Ruiz, 34, got caught the second time despite the fact he knew after the first failed drug test that he could be tested up to eight times per season.

"It's very difficult having to explain," Ruiz said. "I love baseball. I love my city, Philadelphia and Panama. I want to do my best and show everybody ... I'll do my best."

Manuel said his all-star catcher was distressed during their one-on-one conversation Tuesday.

"When I talked to him, he seemed like he was really hurt over it," Manuel said. "He told me, 'I will never do it no more. That was terrrible and I shouldn't do that.' "

The manager admitted he was upset when he first got the news during the offseason because it meant the Phillies would have to spend the first month without the player who was arguably their MVP last season.

"That's a good argument there because he stood out," Manuel said. "Yeah, I was upset when I first heard that because Chooch is a big part of our team. About the last three years he has developed into one of the best catchers in baseball. I think (Yadier) Molina (of St. Louis) has definitely improved his hitting, but Chooch can play right there with him. He's gotten that good."

Ruiz can participate in spring-training games, but Manuel said he would likely see a lot of action in minor-league games because the Phillies have to get Erik Kratz and other catchers ready for the start of the season. Barring rainouts, Ruiz will be eligible to return April 28 against the Mets in New York.

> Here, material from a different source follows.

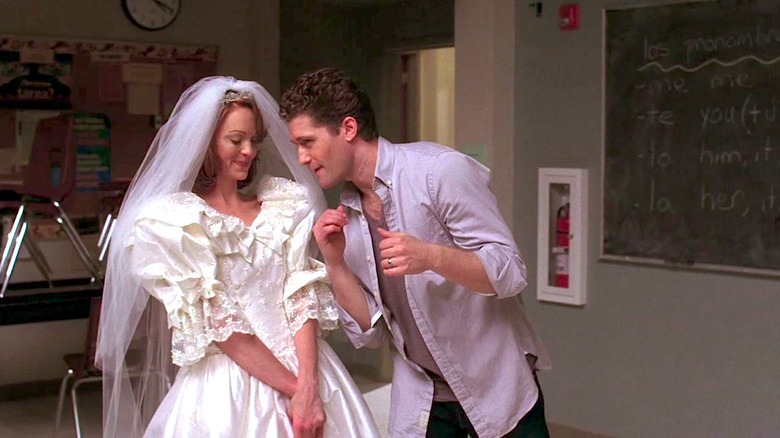 Jayma Mays watches as Matthew Morrison dances and sings on Glee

Only then can he truly begin to answer the question about how much, if at all, the Adderrall contributed to his career season last year when he hit .325 with 16 home runs and 68 RBIs.

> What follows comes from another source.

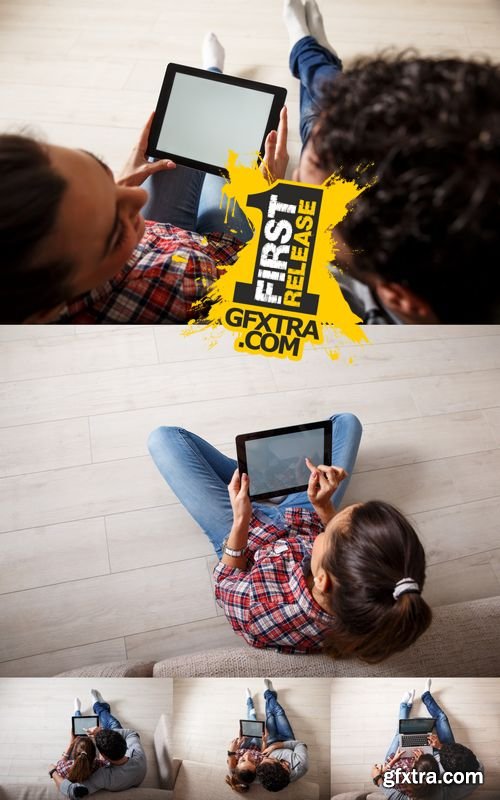 Stock Photos - Young Couple Sitting Using Laptop & Tablet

Manuel said he expects Ruiz, who is in the final year of his contract, to remain among the game's elite catchers.

"I definitely think so," the manager said. "I think the last couple years, he's really learned how to hit and take the ball the other way. He can hit a fastball, especially if you double up on a fastball and things like that. Chooch can hurt you."

The manager meant that Ruiz has the ability to punish opposing teams with his bat. For now, however, he is only hurting the Phillies and that was clearly causing an acute heartache for the catcher on the first official day of spring training.